The two companies plan to announce Tuesday that Cisco, of San Jose, will offer the leading products for routing, managing and controlling digital data and voice communications, while Palo Alto-based HP will offer a broad array of software, hardware and services that integrate operations for traditional telephone companies and Internet service providers. In addition, HP and Cisco will jointly market the products, sources said.
While tough technical problems remain, the move is an extension of agreements that the two companies have had since 1997 for an expanded partnership that will see the two companies working much more closely together, said people familiar with the arrangement. ''When Cisco enters a strategic alliance it means very specifically that the agreement will mean $1 billion in new business within three years that the companies split,'' one source said.
During the past 18 months, HP has focused much of its efforts on becoming the leading provider of Internet-related products and services to ISPs and corporations, although that market has been dominated by long-term rival Sun Microsystems Inc., of Palo Alto. The ability to offer ISPs a new way to make money through expanded capabilities should give HP a chance to make headway, analysts suggested.
''HP has been looking for some kind of entry into the ISP market for awhile,'' said Jim Balderston, a senior industry analyst with the market research firm Zona Research. ''If HP can offer them a solution that lets them move into a brand new market quickly and easily, ISPs will certainly give them a look.''
Longer term, however, the strategic alliance could end up benefiting Cisco even more.
Although Cisco, at $9 billion a year in revenues, is the leader in providing products that manage data communications for large corporations, the rush to integrate voice and data communications is bringing the company into direct contact with larger, more established telecommunications equipment rivals such as Lucent Technologies, of Murray Hill, N.J., and Nortel Networks.

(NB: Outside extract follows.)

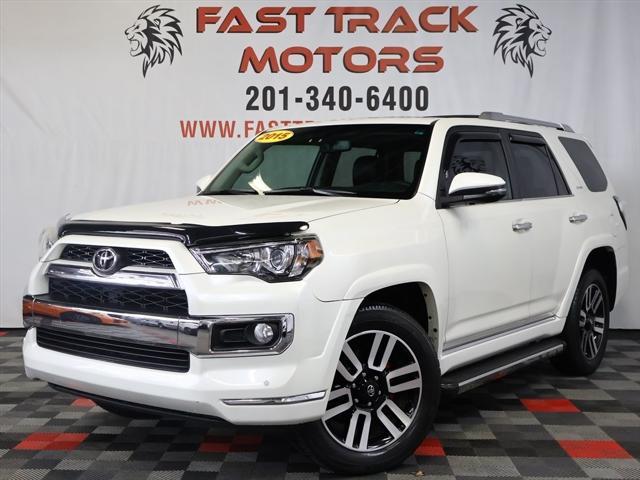 used 2015 Toyota 4Runner car, priced at $22,785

Both of those companies have already made it clear they intend to move into the market for integrated voice and data as well, most strongly when the Canada-based Northern Telecom purchased Santa Clara-based Bay Networks earlier this year for more than $9 billion, becoming Nortel Networks in the process. Lucent closed 1997 with sales of $27 billion, while Nortel Networks had combined revenues of $18 billion.
Although Cisco has already started offering products designed to help traditional telephone companies handle the growing demand for data traffic, its strategic alliance with HP gives it access to a wide array of telecommunications products that might have strained Cisco's resources if it had to develop them by themselves, sources said.
Besides HP's full line of computers, the Palo Alto-based company also markets equipment such as fiber optic wiring, network testing equipment, and the infinitely precise clocks used to synchronize communications worldwide.
Most important, the strategic alliance between the two companies will give Cisco greater access to HP's suite of software, such as OpenCall IN, which will allow service providers to integrate the two separate networks that now manage voice and data communications.
Given that the move toward Internet-based telephony will take at least 10 years, according to industry estimates, the ability to match existing analog-based communications with digital-based Internet telephony service will be essential, analysts said.
''There's people out there still using rotary phones,'' said Richard Doherty, founder of the market research firm Envisioneering Inc. ''If people can only makes calls to people connected to certain types of phones, that's going to slow adoption way down.''
But there seems to be little argument that eventually the industry will transmit telephone calls the same way they handle Internet-based data now. The battle is over who will do the best job in merging voice and data communications into a single, seamless solution.
''This is already Cisco's strength,'' said Todd Chipman, a research director for Giga Information Group. ''This alliance with HP gives them a partner that already sells to the (telecom companies) with a wide product portfolio.''
But while Internet-based telephony is the wave of the future, right now voice communications are based on an entirely different standard known as Public Switched Telephone Network, which provides a dedicated direct link for each phone call. While it's more limited in terms of the amount of traffic it can handle, and costs more, it's much more reliable.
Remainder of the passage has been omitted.